Work to be completed
Looking at the listing below, retype exactly the lines starting at the one containing "Weapon Hoodie (Grey & Black)" and ending at the one containing "Vestido de fiesta plateado", both included, and nothing else.

Records supplied
•••••

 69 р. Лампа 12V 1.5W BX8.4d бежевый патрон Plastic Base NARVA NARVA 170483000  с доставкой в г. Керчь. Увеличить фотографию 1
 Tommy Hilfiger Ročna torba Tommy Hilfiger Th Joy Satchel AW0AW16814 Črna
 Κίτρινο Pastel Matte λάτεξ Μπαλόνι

•••••

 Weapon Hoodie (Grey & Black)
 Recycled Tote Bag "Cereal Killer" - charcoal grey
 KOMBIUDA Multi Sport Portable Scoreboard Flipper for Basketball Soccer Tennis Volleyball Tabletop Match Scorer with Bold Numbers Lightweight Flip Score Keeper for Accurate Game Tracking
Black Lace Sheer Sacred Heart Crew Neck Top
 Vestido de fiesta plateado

•••••

Result below
 Weapon Hoodie (Grey & Black)
 Recycled Tote Bag "Cereal Killer" - charcoal grey
 KOMBIUDA Multi Sport Portable Scoreboard Flipper for Basketball Soccer Tennis Volleyball Tabletop Match Scorer with Bold Numbers Lightweight Flip Score Keeper for Accurate Game Tracking
Black Lace Sheer Sacred Heart Crew Neck Top
 Vestido de fiesta plateado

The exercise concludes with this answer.